I want to be in Paris in the thirties
in a coffee house with painters and poets
Like Laurel Canyon sixties songs
the music echoes all day and night
The morning rain showers, the afternoon sun
Warm canvases of yellows and melons horizons
The evening light of the Eiffel Tower glitters
The night is showered with city sights
I want to be in Paris in the thirties
And write the poetry that rattles in my head
Like a song on an old phonograph
I am dancing in the shadows until morning takes flight
I think all of us long for beauty, simplicity, joy, less complication.
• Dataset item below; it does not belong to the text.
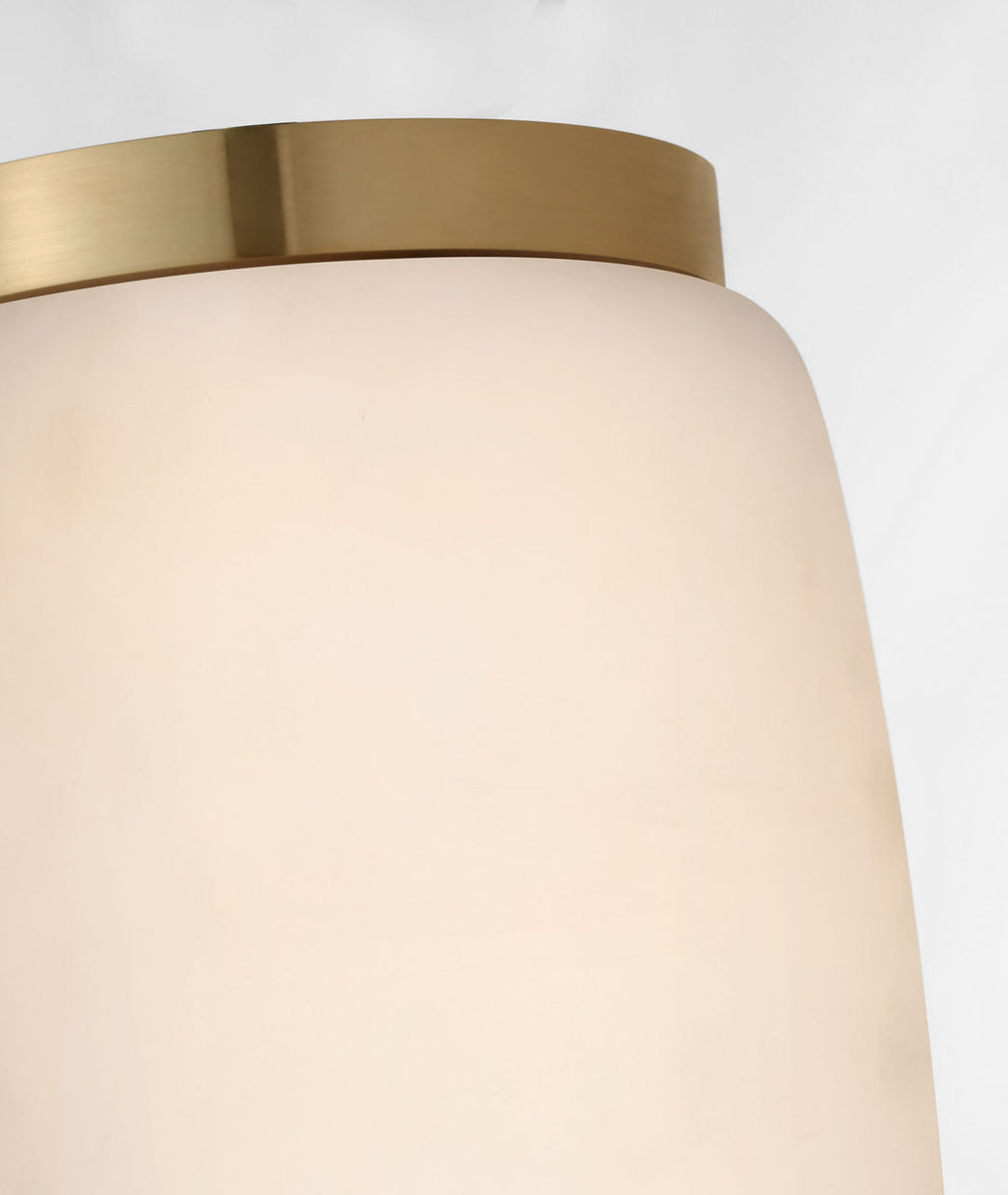 Formosa 5" Elongated Flush Mount | Alabaster and Antique-Burnished Brass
Even creation moans for when earth is again fully united with heaven, when we actually “get ourselves back to the Garden”. Some of these longings are in stark contrast to “what is”. And we live in this tension between “what is” and “what will be”. This place of tension is not a comfortable place, so we are tempted to look for escapes in our longings, hopes, wishful thinking. It’s not comfortable because currently beauty exists with ugliness, and it is mankind’s fault – this ugliness. Even to confess it does not eradicate it from us.
So to be true to our humanity we each need to embrace the gray of the middle, the tension between “what is” and “what will be”. We should hope for more beauty, more of “what will be”. We should long for more of the joyous over the painful. We should even endeavor to extend more beauty into our world, especially in the dark places. May the Spirit anoint the Bride to do so, even as he graces us to repent of our own darkness.
More joy, color, and beauty be yours Jill, as you write more beauty toward “what will be”. -D
I have been enjoying some nostAlgia lately, all the while knowing it is more often than not a distortion. It helps me write sometime
No criticism from me. I love the focus on both beauty and reality in your writing.